Willy the Wedded One Opines

Marriage expert and relationship pundit Bill Clinton has stepped forward on the issue of legalizing gay marriage in the state of New York.  If there ever were a person to support an alternative view of marriage, Slick Willy the Wedded One sure is.

Why should Hill and Bill be the only two people in the world allowed to classify marriage according to their own skewed definition when there are so many colorful and eclectic possibilities?  Heck, these are the two who feel comfortable living out of carpetbags and calling themselves New Yorkers.

The last time the connubial couple was seen within 500 feet of one another was for Chelsea's $6 million heterosexual nuptials.  Nevertheless, Bill Clinton's views on marriage have not ceased to evolve even though he and Hillary have sacrificially chosen to conduct their idyllic union living apart.

During his sex-crazed tenure as president, while in the throes of adultery, Bill opposed gay marriage:

As president in 1996, Clinton signed into law the Defense of Marriage Act, which bans federal recognition of gay marriage. He has said he didn't like signing the measure into law, explaining that at the time he was dealing with a GOP-led Congress and trying to ward off the prospects of a constitutional amendment banning same-sex marriage.

Of late the ex-president strongly favors "legalizing gay marriage in New York."  America's Renaissance man changed his mind because as he ages, marriage-minded Bill said he has come to realize that above all, he is someone who "personally supports people doing what they want to do."  Bill even expressed to an audience of impressionable college students his personal code of ethics when it comes to gay wedded bliss: "I think it's wrong for someone to stop someone else from doing that."

Struggling with the issue, the morally relativistic, open-minded, laissez-faire Clinton, in a 2009 interview with now-openly gay CNN reporter Anderson Cooper, spoke about how undermining the societal glue provided by traditional marriage ensures "coherence and strength and commitment and mutually reinforce[s] loyalties."  Said Bill: "If gay couples want to call their union marriage and a state agrees, and several have now, or a religious body will sanction it, and I don't think a state should be able to stop a religious body from saying it, I don't think the rest of us should get in the way of it."

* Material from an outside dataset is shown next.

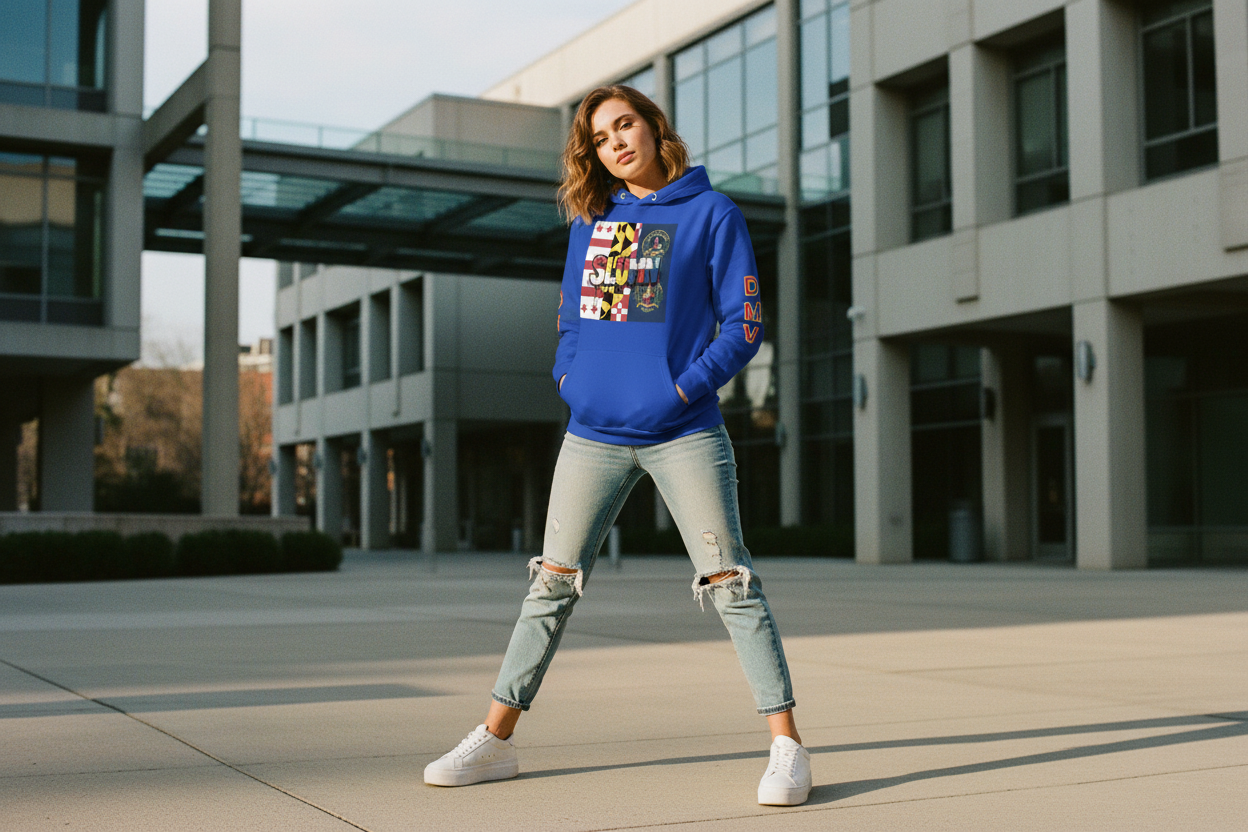 SLUMn DMV Unisex Hoodie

It can be summed up simply in this way:  As always for Clinton, "It depends on what the meaning of the word marriage is" and if a "herf" made up solely of a White House intern and a randy President sanction certain cigar aficionado activities, "the rest of us should[n't] get in the way of it."

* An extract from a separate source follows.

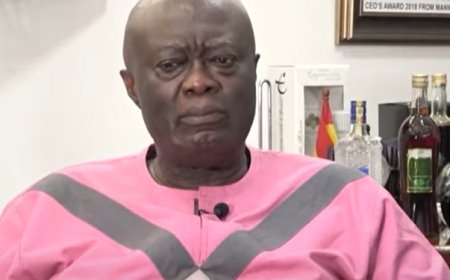 Former GIHOC MD Kofi Jumah Arrested by National Security Over Alleged Financial Misconduct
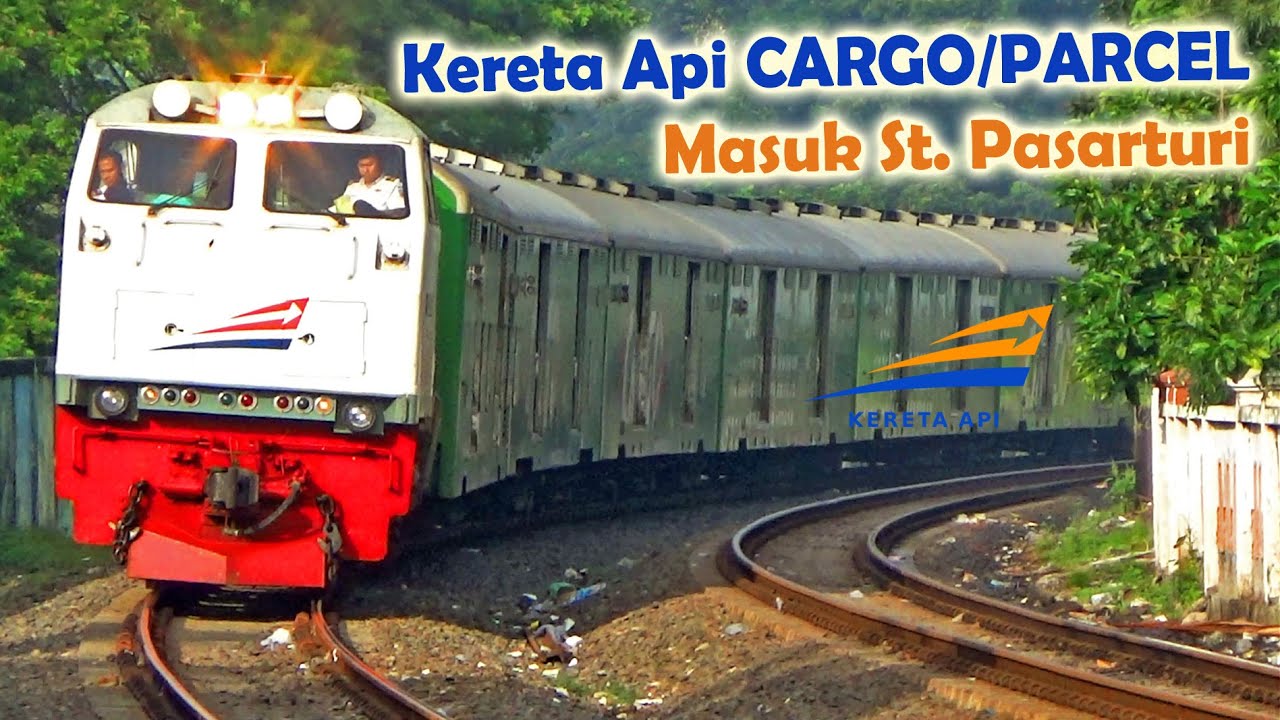 Detail Kargo Kereta Api Nomer 23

Remember when Bill moved into an office in Harlem where, within the traditionally God-fearing black community, gay marriage continues to be frowned upon?  Clinton's pro-gay marriage statement, issued "through Human Rights Campaign, a gay rights advocacy group," maintained that same-sex marriage would help "strengthen the bonds of community," and may be why America's first black president recently moved out of the largely African-American neighborhood to a new office downtown.

Bible-carrying Clinton may just be taking a Christian "Do unto others" attitude in order to woo back anti-gay marriage/churchgoing blacks.  Opposed to being stopped from doing what he wants to do -- which includes God knows what -- Bill's Christianity may have matured to the level where he understands it is wrong for him to stop monogamous homosexuals from doing whatever they want to do, even if by doing so his political clout contributes to undermining a God-ordained institution.  

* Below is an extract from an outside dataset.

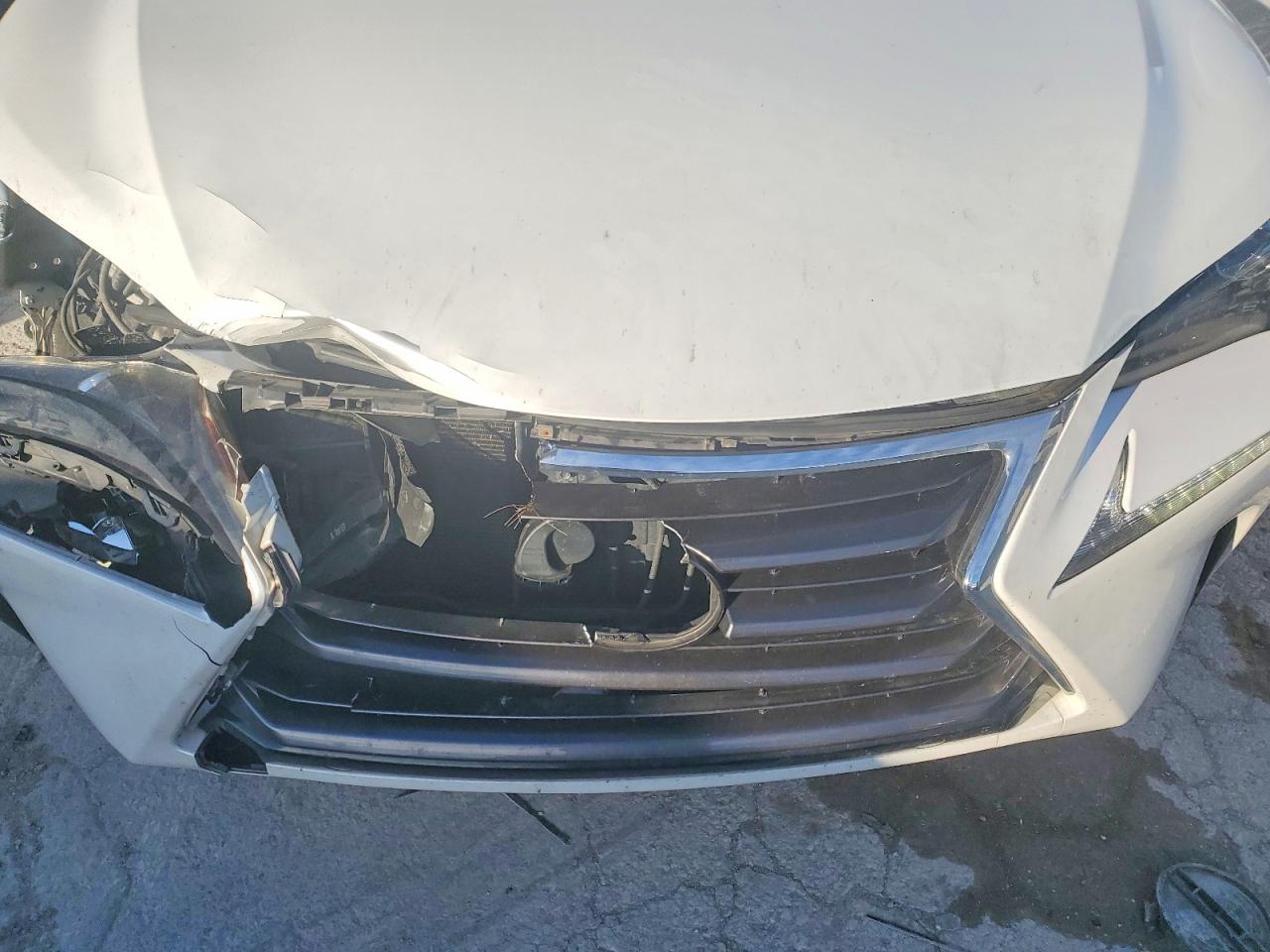 2015 Lexus Nx 200t Белый vin: JTJBARBZ0F2001570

And so Clinton's "more perfect union"-via-homosexual-matrimony HRC statement reads as follows:

Our nation's permanent mission is to form a ‘more perfect union' -- deepening the meaning of freedom, broadening the reach of opportunity, strengthening the bonds of community. That mission has inspired and empowered us to extend rights to people previously denied them. Every time we have done that, it has strengthened our nation. Now we should do it again, in New York, with marriage equality.

Clinton continued: "For more than a century, our Statue of Liberty has welcomed all kinds of people from all over the world yearning to be free.  In the 21st century, I believe New York's welcome must include marriage equality."

I must say, America's most notorious Philanderer-in-Chief's émigré/homophile connection is so bizarre and convoluted that if taken seriously, it insults the gay community, taints the historic relevance of Ellis Island, and could cause millions of immigrants to hightail it back to the Mother country.

A clueless Clinton throws around the concept of extending rights, but appears to be oblivious to the fact that marriage is a God-ordained institution.  The ex-president's reputation as a womanizer explains his skewed idea of what makes a "perfect union."

It would be in the nation's best interest if Willy the Wedded One, henceforth and in perpetuity, spared himself further embarrassment by refraining from proselytizing and undermining the sacred bond between a man and a woman, which is a subject he has proven, time and again, to know absolutely nothing about.